In anything you write — especially the first page of your web site, but also white papers, articles, postcards, and direct mail pieces — you need a strong headline.
Stop using headlines like “Welcome” or just jumping into lengthy text.
Good headlines get your reader curious. The goal of your headline is to get them to read more.
Bad headlines cause your reader to move on, quickly.
There are a few tried and true headline patterns that you can use anytime (Note: Be able to back up any claims you make with case studies or testimonials):
One: A top 5 or top 10 list with a must-read adjective like “Fatal” (Top Five Fatal Mistakes Lawyers Make Drive Prospects to Competitive Web Sites)
Two: A secret that everyone must know (The Secret to Doubling Traffic on Your Web Site that Will Drive Your Competitors Crazy)

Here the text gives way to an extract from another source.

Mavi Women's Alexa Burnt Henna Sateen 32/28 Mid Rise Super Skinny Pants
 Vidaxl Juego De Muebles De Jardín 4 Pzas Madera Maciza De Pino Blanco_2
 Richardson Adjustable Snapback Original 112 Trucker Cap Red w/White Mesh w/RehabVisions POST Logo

Three: A warning (Warning: Your Web Site is Ruining Your Professional Image)
Four: A compelling question and answer (Q: Who knows how to increase traffic on your Web site by 800%? A: Steve Smith does!)

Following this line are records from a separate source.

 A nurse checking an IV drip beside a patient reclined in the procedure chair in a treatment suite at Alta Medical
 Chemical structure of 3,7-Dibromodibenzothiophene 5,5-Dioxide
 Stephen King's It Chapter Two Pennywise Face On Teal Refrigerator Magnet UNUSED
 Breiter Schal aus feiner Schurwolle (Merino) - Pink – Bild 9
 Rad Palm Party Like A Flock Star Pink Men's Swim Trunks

Five: An irresistible story (“They laughed when I told them I developed my own web site….until they visited my site”) — This one is based on one of the most successful direct marketing campaigns of all time (“They laughed when I sat down to play the piano…”)
Six: A comparison or one successful and one unsuccessful person (“A Tale of Two Auto Mechanics….Both Competent, Both Smart, Both Good People, But Only One Hired XYZ Web Design….”) — this one is based on a classic Wall Street Journal ad comparing the financial success of a successful and unsuccessful businessperson (the punch line being that both are the same but only one subscribed to the WSJ).
Seven: An irresistible benefit (“Here’s how to double your online sales at half the price”)
Eight: A headline that creates urgency via a deadline or other means (“This is the last day that one of you will win a free web site today — and then this offer will expire forever”)
That’s enough examples for now. I know some of you will find these tacky or salesy but they have been time tested again and again. Why not use what works? Why reinvent the wheel?